Merek mal AS terjun saat Gap, Nordstrom menambah kekhawatiran, Berita Ekonomi & Berita Utama
Business

Merek mal AS terjun saat Gap, Nordstrom menambah kekhawatiran, Berita Ekonomi & Berita Utama

NEW YORK (BLOOMBERG) – Saham ritel jatuh setelah laporan mengecewakan dari Gap dan Nordstrom menutup musim pendapatan yang sulit untuk merek yang dihadapi konsumen, memperbarui kekhawatiran atas kenaikan biaya dan rantai pasokan yang tegang menjelang musim belanja liburan.

Kepala eksekutif Gap Sonia Syngal mengutip “hambatan rantai pasokan akut” yang membuat rantai tidak dapat memanfaatkan permintaan pelanggan yang meningkat, memaksa merek mal klasik untuk memangkas prospek penjualan dan labanya. Nordstrom menghadapi tantangan serupa, dengan tokonya kekurangan barang-barang utama seperti sepatu dan pakaian wanita.

Isu yang tersebar luas menunjukkan perbedaan antara perusahaan yang telah beradaptasi dengan lingkungan ritel yang menantang dan mereka yang hanya mengandalkan permintaan yang stabil, kata Mr Simeon Siegel, seorang analis di BMO Capital Markets.

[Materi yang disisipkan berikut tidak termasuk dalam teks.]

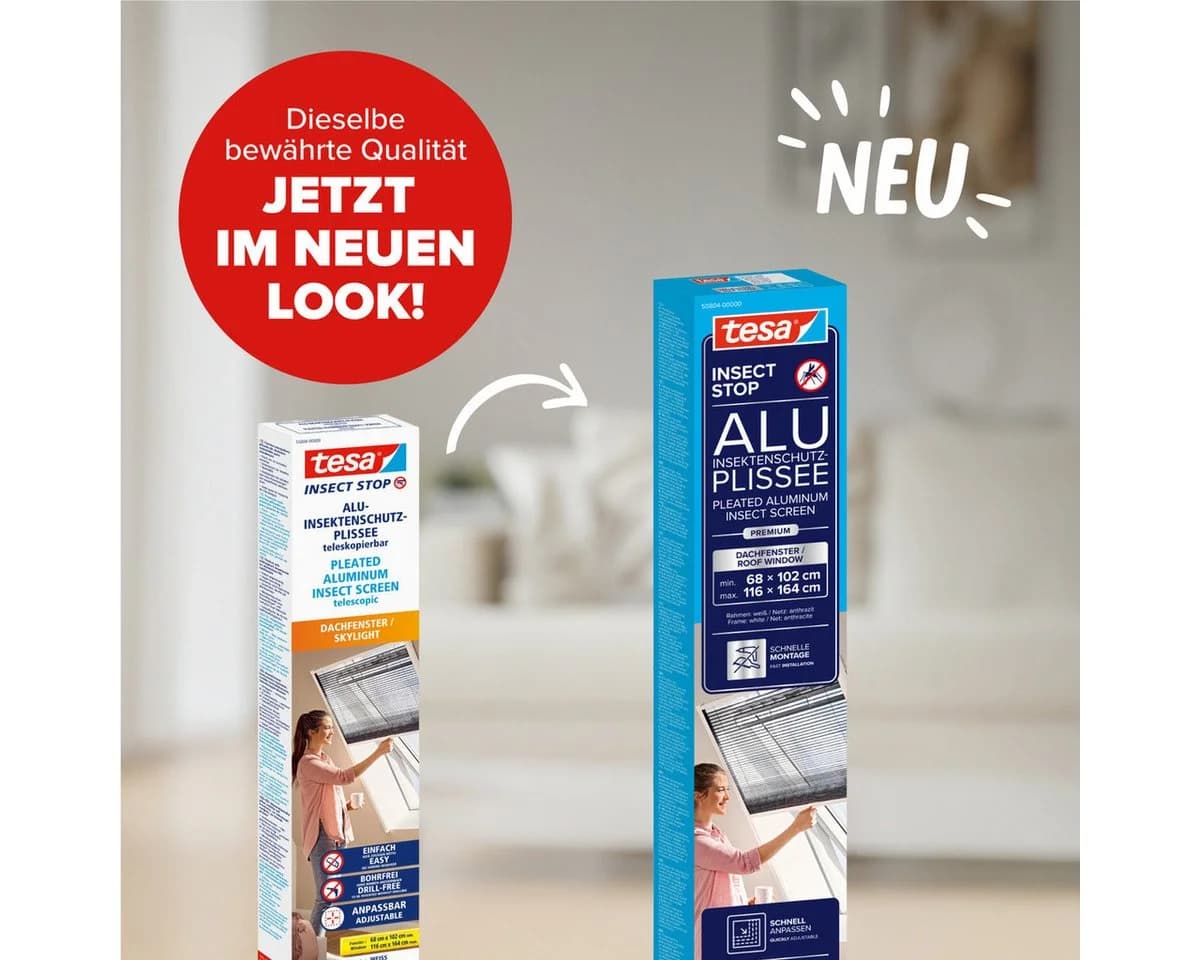tesa Insektenschutzrollo Alu Teleskopierbar Weiß Für Dachfenster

“Covid-19 memberikan kesempatan ini bagi merek untuk memposisikan ulang bisnis mereka, tetapi hanya jika mereka mengambilnya,” katanya. Dia menambahkan bahwa perusahaan “jelas” perlu membuat perubahan struktural pada rantai pasokan mereka.

Laporan terbaru, di antara yang terakhir musim pendapatan ini dari pengecer besar, menggarisbawahi tantangan yang terus-menerus karena toko-toko berbasis mal dan mandiri mencoba untuk pulih dari masa sulit di awal pandemi. Sementara permintaan konsumen kuat pada awal musim belanja liburan, banyak perusahaan berjuang untuk memanfaatkannya sepenuhnya di tengah kenaikan biaya, pasar tenaga kerja yang ketat, dan masalah pemasok.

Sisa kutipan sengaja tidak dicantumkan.